Accueil > Actualités > Opinions • • lundi 5 septembre 2011 à 02h33min

Pour l’UDD, le Conseil consultatif sur les réformes politiques (CCRP) a joué un grand rôle en vue de l’enracinement de la démocratie au Faso.
Le CCRP créé par décret n° 2011-262PRES/PM/MPRP du 10 mai 2011 comprend 68 membres dont les représentants des partis politiques de la majorité et de l’opposition, des représentants de la société civile, des autorités religieuses, coutumières et traditionnelles. La session du CCRP s’est tenue du 23 juin au 14 juillet 2011. La cérémonie d’ouverture a été présidée par le Premier ministre. Le rapport général du CCRP a été solennellement remis au président du Faso le 21 juillet 2011.

De la crédibilité du CCRP

Comme pour la création du Collège de sages qui avait suscité des réactions, celle du CCRP a aussi engendré de nombreuses réactions tant des acteurs de la classe politique que des acteurs de la société civile ainsi que des populations, allant du scepticisme à l’hostilité en passant par le pessimisme. Pour les uns, le CCRP n’est qu’une manœuvre du pouvoir en vue de faire réviser l’article 37 de la Constitution ou tout au moins, une manœuvre de diversion de plus. L’article 37 limite à deux, le nombre de mandats consécutifs qu’une même personne peut exercer.

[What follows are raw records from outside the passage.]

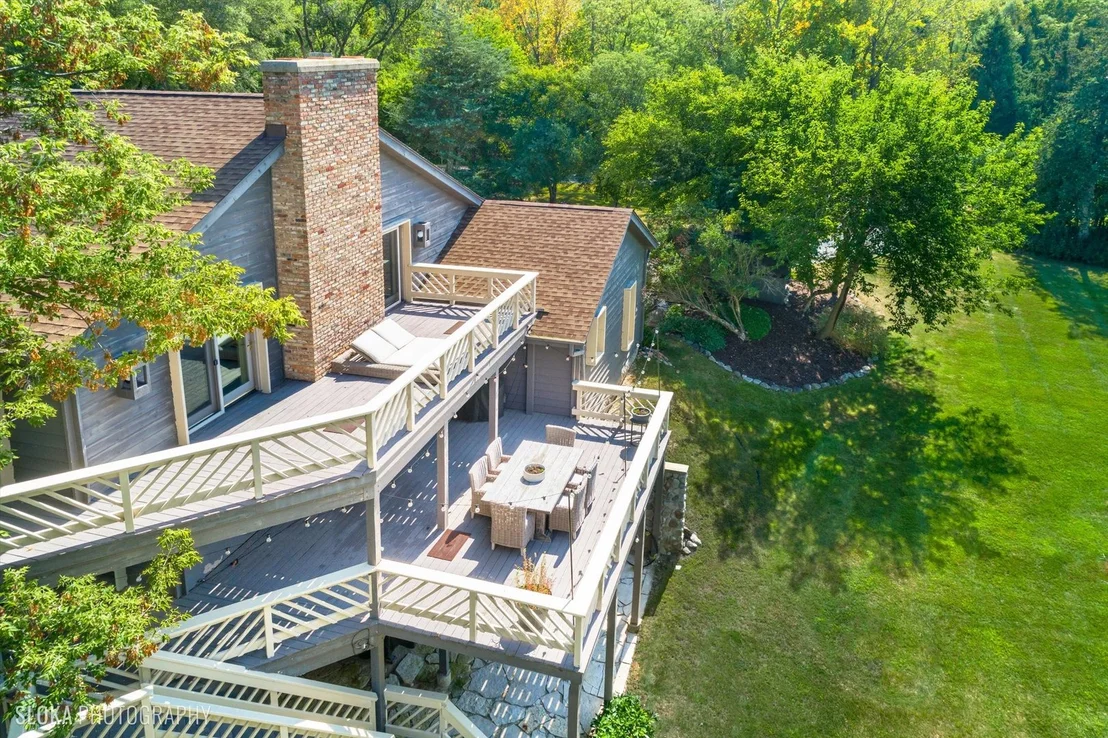 Photo of 255 Indian Trail Road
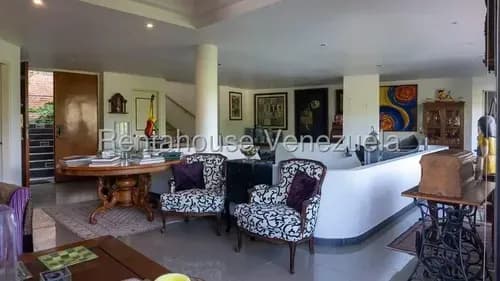 En Venta Espaciosa Casa En Calle Cerrada Con Vista Al Ávila En La Urb. El Peñón. Cod. 26-12649. Ls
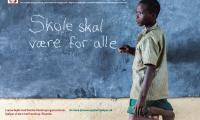 Dreng skriver "skole skal være for alle" på en skoletavle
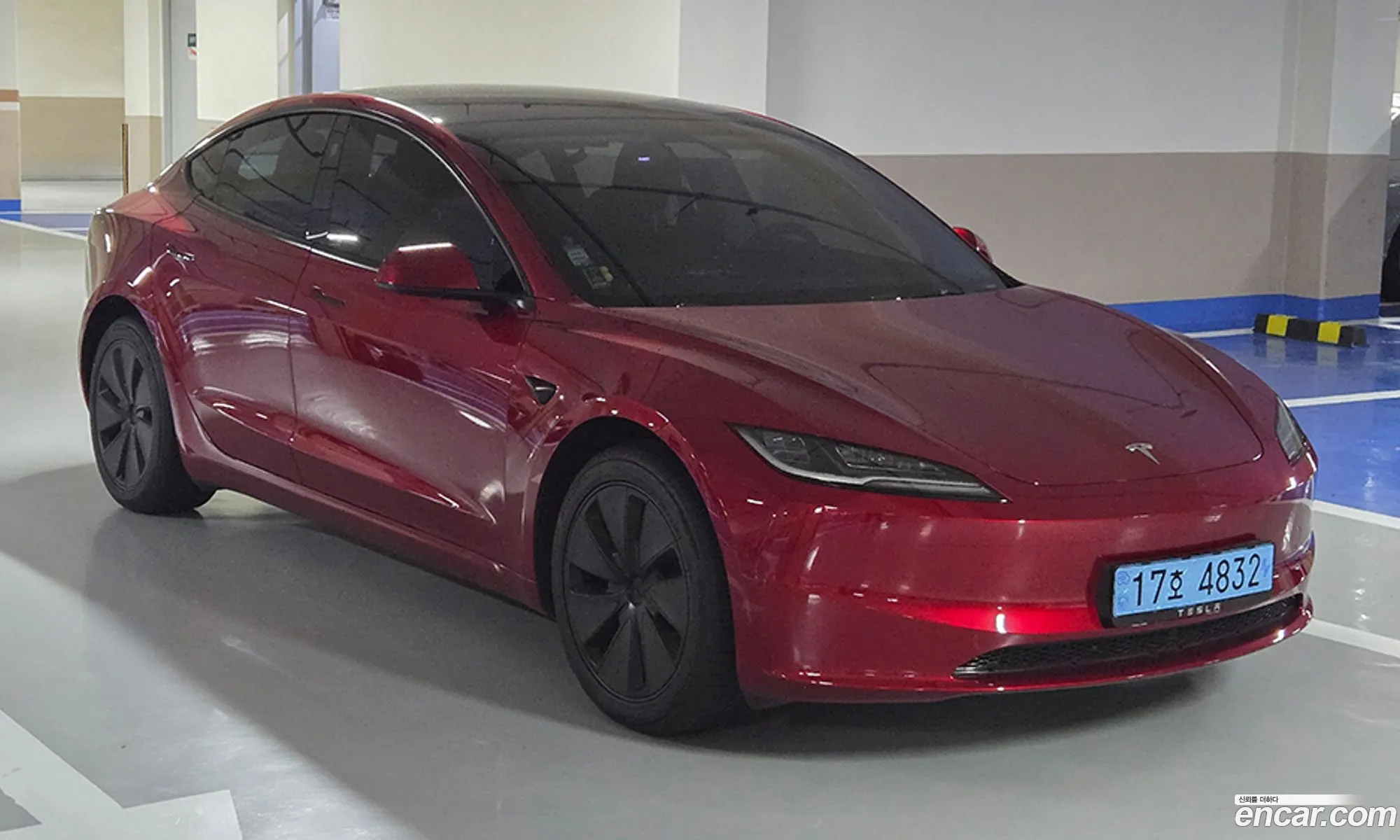 Tesla Model 3 2024 — 2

Les tenants de cette opinion ont été désagréablement surpris que la proposition de révision de l’article 37 ne soit pas adoptée, mais classée dans la catégorie des propositions de réforme non consensuelles, à l’issue des travaux du CCRP. Pour les autres, la conception unilatérale du CCRP par le gouvernement ne peut conférer au conseil une quelconque crédibilité. Il faut donc s’en démarquer, le rejeter et exiger une structure indépendante du pouvoir, c’est-à-dire une structure pour laquelle les dés ne soient pas pipés d’avance. Mais, il y a lieu de rétorquer que cette faiblesse du CCRP peut être corrigée par le processus d’amendement envisagé pour le rapport général du CCRP, lequel rapport fera l’objet d’une restitution dans les treize régions du pays, puis le rapport définitif sera soumis pour adoption aux assises nationales.

Pour certains, enfin, le CCRP est superflu, voire inutile parce que la crise actuelle, selon eux, est liée à la non observation des recommandations, des rapports du Collège de sages et du MAEP. Pour ces acteurs, il suffit, pour sortir de la crise que les autorités mettent en pratique les recommandations des rapports ci-dessus indiqués et qui sont déjà disponibles à leur niveau. Il va de soi que ces trois catégories de citoyens n’ont pas participé à la session du CCRP. Dans la suite de notre texte, nous appellerons ces citoyens les contestataires du CCRP. La dernière opinion de ces contestataires sur le CCRP, à savoir que celui-ci est superflu, voire inutile ne nous paraît pas pertinente pour trois raisons.

1)Les missions du Collège de sages et du CCRP sont différentes. En effet, il ressort de l’article 3 du décret n° 99-158 / PRES portant création du Collège de sages que celui-ci a pour mission d’œuvrer à la réconciliation des cœurs et à la consolidation de la paix sociale. A cette fin, il est chargé

• de passer en revue tous les problèmes pendants qui sous- tendent la crise actuelle ;

• de proposer le traitement à réserver à tous les crimes impunis ainsi qu’à toutes les affaires d’homicides résultant ou présumés résulter de la violence en politique, pour la période allant de 1960 à nos jours ;

• de faire des recommandations susceptibles de promouvoir la réconciliation nationale et la paix sociale.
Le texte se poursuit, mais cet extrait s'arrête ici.